(Exercise data begins)

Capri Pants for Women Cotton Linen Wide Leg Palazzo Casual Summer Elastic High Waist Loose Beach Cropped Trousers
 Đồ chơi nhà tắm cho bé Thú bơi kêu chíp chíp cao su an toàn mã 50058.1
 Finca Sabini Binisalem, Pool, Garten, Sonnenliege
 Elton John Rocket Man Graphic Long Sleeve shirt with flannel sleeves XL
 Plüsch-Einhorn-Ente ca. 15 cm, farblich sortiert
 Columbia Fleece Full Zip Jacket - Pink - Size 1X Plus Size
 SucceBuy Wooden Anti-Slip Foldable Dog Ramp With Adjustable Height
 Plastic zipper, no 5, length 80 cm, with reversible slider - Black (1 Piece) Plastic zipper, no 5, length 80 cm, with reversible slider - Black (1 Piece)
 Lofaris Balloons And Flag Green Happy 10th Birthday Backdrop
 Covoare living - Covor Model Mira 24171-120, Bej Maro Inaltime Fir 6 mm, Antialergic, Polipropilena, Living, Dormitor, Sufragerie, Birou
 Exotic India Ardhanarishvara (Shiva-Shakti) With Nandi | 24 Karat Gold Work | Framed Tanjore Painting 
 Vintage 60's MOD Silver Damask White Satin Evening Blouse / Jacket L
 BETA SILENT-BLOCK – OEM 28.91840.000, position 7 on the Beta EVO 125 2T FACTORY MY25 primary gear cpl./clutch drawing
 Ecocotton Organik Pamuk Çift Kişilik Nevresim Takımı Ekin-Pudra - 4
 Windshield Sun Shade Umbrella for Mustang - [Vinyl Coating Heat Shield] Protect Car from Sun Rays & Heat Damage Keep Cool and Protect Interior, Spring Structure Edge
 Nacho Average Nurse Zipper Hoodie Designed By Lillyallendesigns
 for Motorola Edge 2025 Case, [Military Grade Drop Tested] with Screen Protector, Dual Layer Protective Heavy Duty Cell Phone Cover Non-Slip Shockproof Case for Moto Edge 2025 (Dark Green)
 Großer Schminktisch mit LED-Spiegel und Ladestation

(Exercise data ends)

Exercise aim> Starting from the line containing "for Motorola Edge" and ending with the final line of the data, reproduce each line exactly as it appears, including no other lines.

Solution to the exercise>
 for Motorola Edge 2025 Case, [Military Grade Drop Tested] with Screen Protector, Dual Layer Protective Heavy Duty Cell Phone Cover Non-Slip Shockproof Case for Moto Edge 2025 (Dark Green)
 Großer Schminktisch mit LED-Spiegel und Ladestation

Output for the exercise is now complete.